Disrupted Adderall Access Poses Risks After Telehealth Company Charged with Fraud

Disrupted Adderall Access Poses Risks After Telehealth Company Charged with Fraud

Tens of thousands of patients with attention deficit hyperactivity disorder nationwide could face disruptions to their care after two executives of a major telehealth company that distributed A.D.H.D. drugs were indicted on charges of health care fraud.

The Department of Justice announced on Thursday that the chief executive and the clinical president of Done, the telehealth company, had been arrested and accused of participating in a scheme to distribute Adderall and other stimulants for A.D.H.D. to patients who did not need the medications, and to bill insurers for these drugs. Done was one of several telehealth companies that became popular during pandemic lockdowns, when the government relaxed restrictions around online prescriptions for controlled substances such as Adderall.

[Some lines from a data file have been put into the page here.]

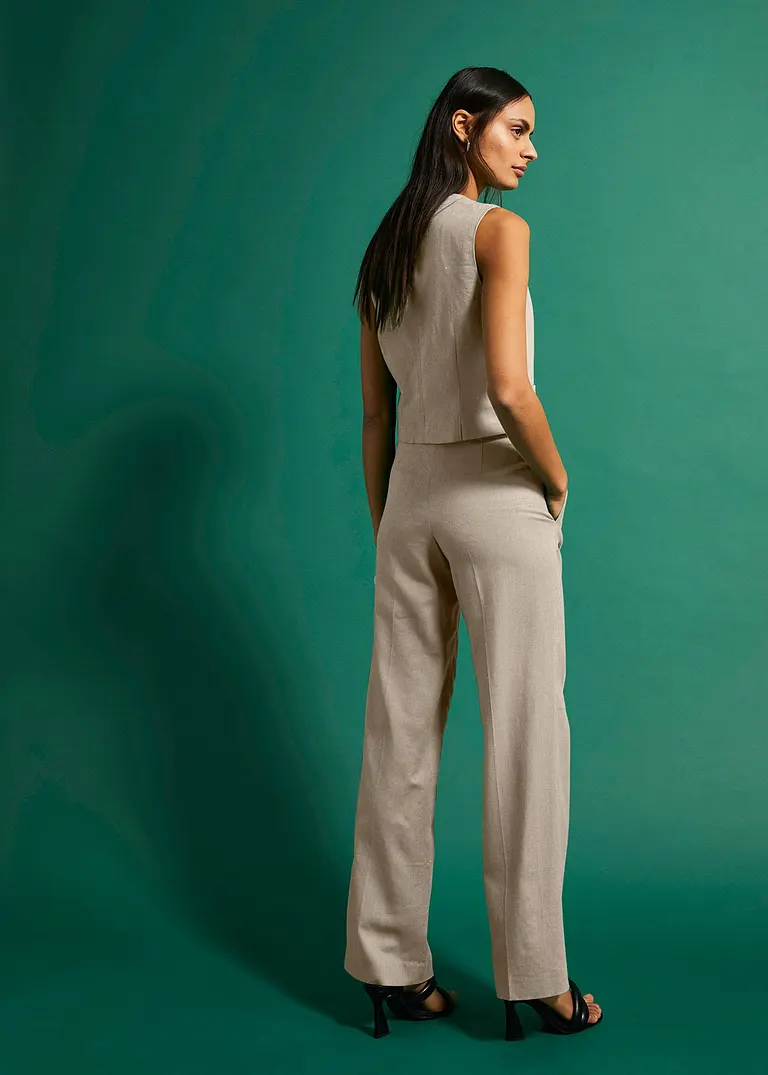 Bonprix Klassische Hose Mit Weitem Bein Und Bügelfalte Vorne - Beige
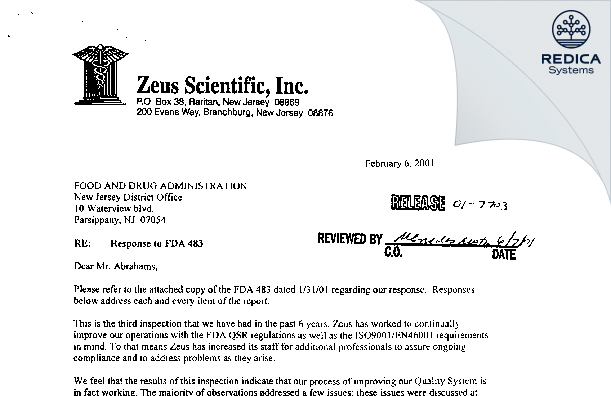 FDA 483 Response - Zeus Scientific, Inc. [Branchburg / United States of America] - Download PDF - Redica Systems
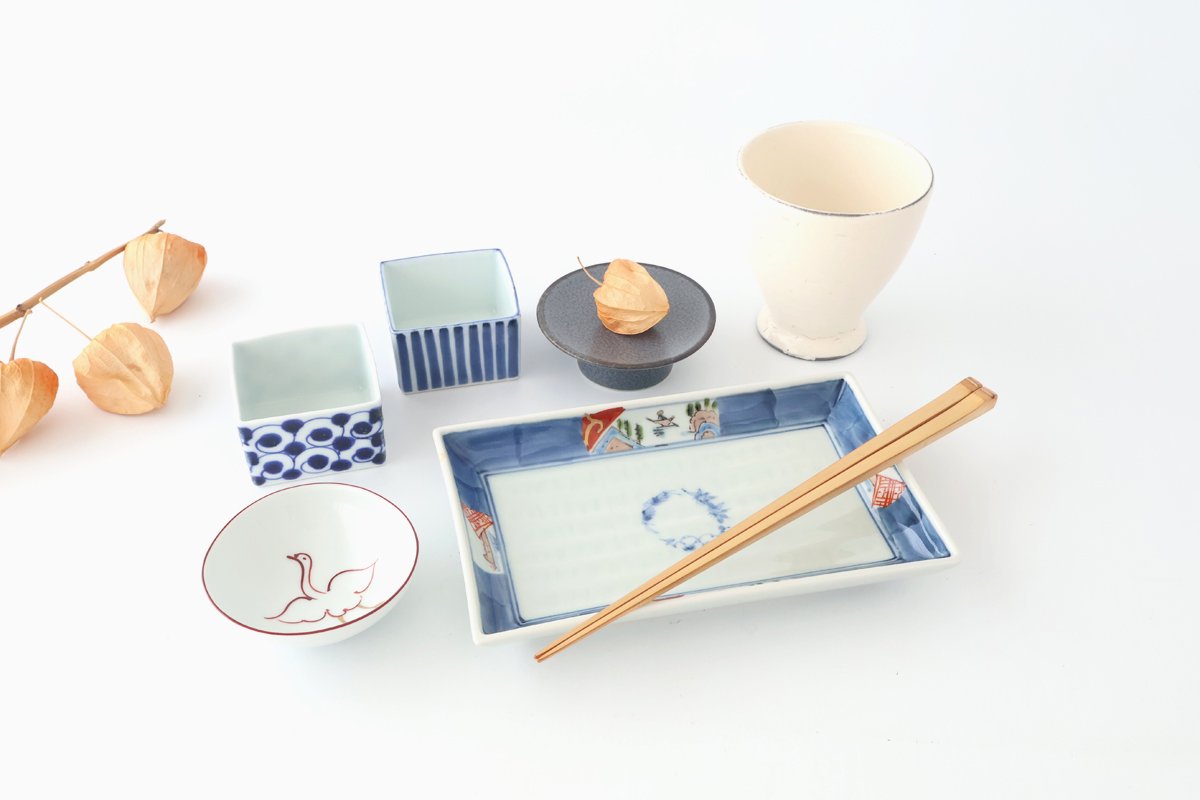 Small Square Bowl Blue Wave | Kobachi Hasami Ware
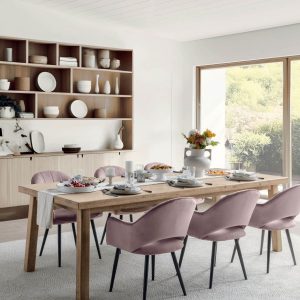 THESSALIA — Distressed solid mango wood large dining table 240 cm (94-80-91-42)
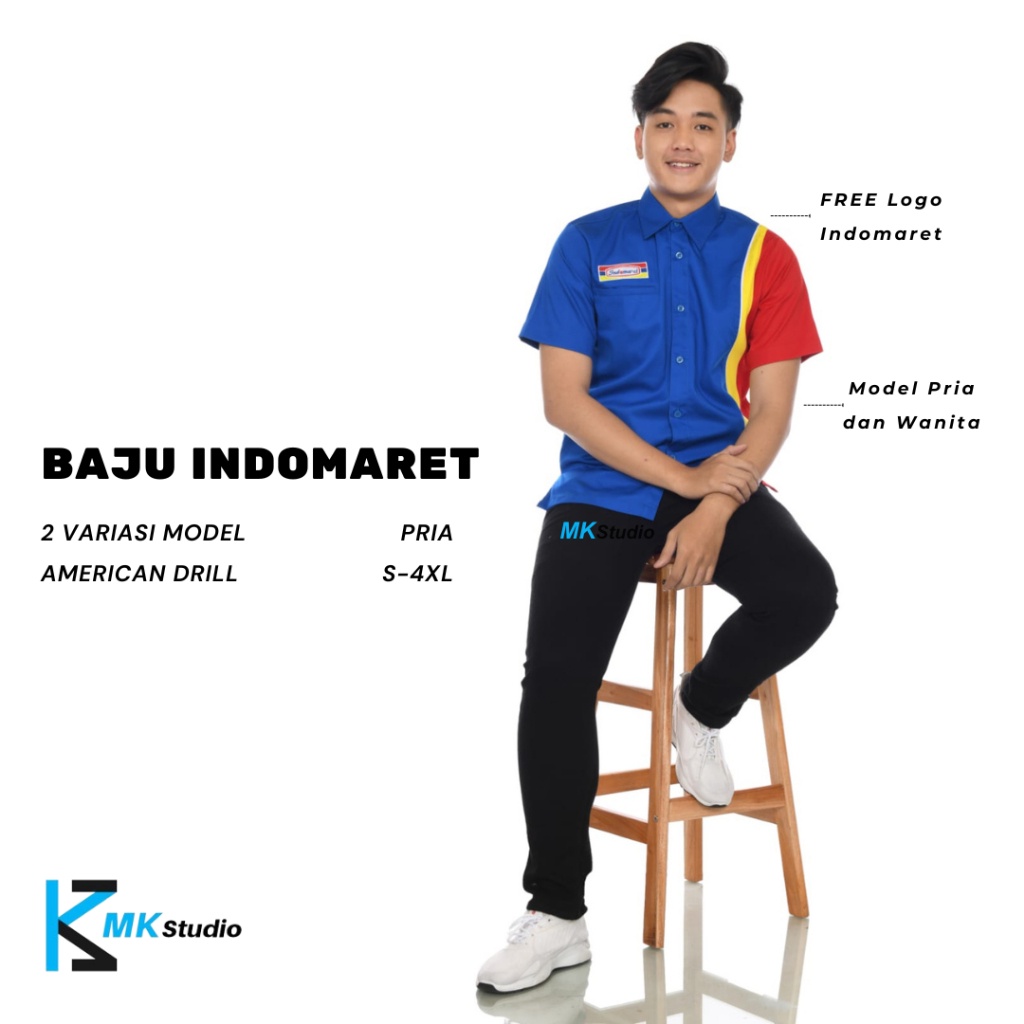 Berkualitas Baju Indomaret Lengan Pendek/Seragam Kasir Indomaret/Baju Kerja Pria Lengan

“These defendants exploited the Covid-19 pandemic to develop and carry out a $100 million scheme to defraud taxpayers and provide easy access to Adderall and other stimulants for no legitimate medical purpose,” Attorney General Merrick B. Garland said in a news release.

The indictment comes amid ongoing shortages of Adderall and another stimulant, Vyvanse. The Centers for Disease Control and Prevention said that as many as 50,000 patients across the nation who rely on Done or similar telehealth platforms to obtain stimulant medications may be affected.

“It’s really frustrating for people who have longstanding A.D.H.D., or for people whose children have longstanding A.D.H.D., to find out that one of the reasons they’ve possibly been having difficulty getting consistent care is because of something that appears to be fraudulent,” said Margaret Sibley, an associate professor of psychiatry and behavioral sciences at the University of Washington School of Medicine in Seattle.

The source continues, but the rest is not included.